Крамарчук мигом выскочил из дота, пробрался по окопчику к пулемету и осторожно выглянул. Неподалеку, за сосной, стоял немец. А вон еще один… Это было похоже на сон. Он отчетливо видел фигуры врагов, они были совсем близко, перебегали от дерева к дереву, замирали за стволами – и ни звука.
Все еще оглядывая местность, сержант машинально поднес флягу ко рту, сделал несколько глотков, но, похоже, что горло его затерпло сейчас так же, как и губы. Никакого вкуса этой жидкости он не почувствовал. Пристроив флягу на бруствере, он ухватил одной рукой пулемет, другой – колодку с лентой и оттащил их поближе ко входу. Потом вернулся за карабином и флягой.
Заметили? Окружают? Знали, что он здесь? Неужели схватили Марию и Громова, и они выдали его? Не они, поправил себя Крамарчук, лейтенант не выдаст. Мария – та может не выдержать. А вдруг просто прочесывают? Но нет же, остановились. И ни слова. А прочесывая, палили бы по кустам.

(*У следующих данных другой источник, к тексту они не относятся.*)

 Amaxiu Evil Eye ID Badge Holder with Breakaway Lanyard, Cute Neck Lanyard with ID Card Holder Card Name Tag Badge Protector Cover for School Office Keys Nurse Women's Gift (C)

– Эй, в доте, вы окружены! – Крамарчук вздрогнул от неожиданности и присел за бетонный козырек, отделявший дот со взорванной дверью от окопа. – Вам дается пять минут на то, чтобы выйти и сдаться! Медсестру мы отпустим. Вас, лейтенант, и сержанта будем считать пленными, хотя вы и нарушили приказ оккупационных властей о сдаче в плен и регистрации всех попавших в окружение!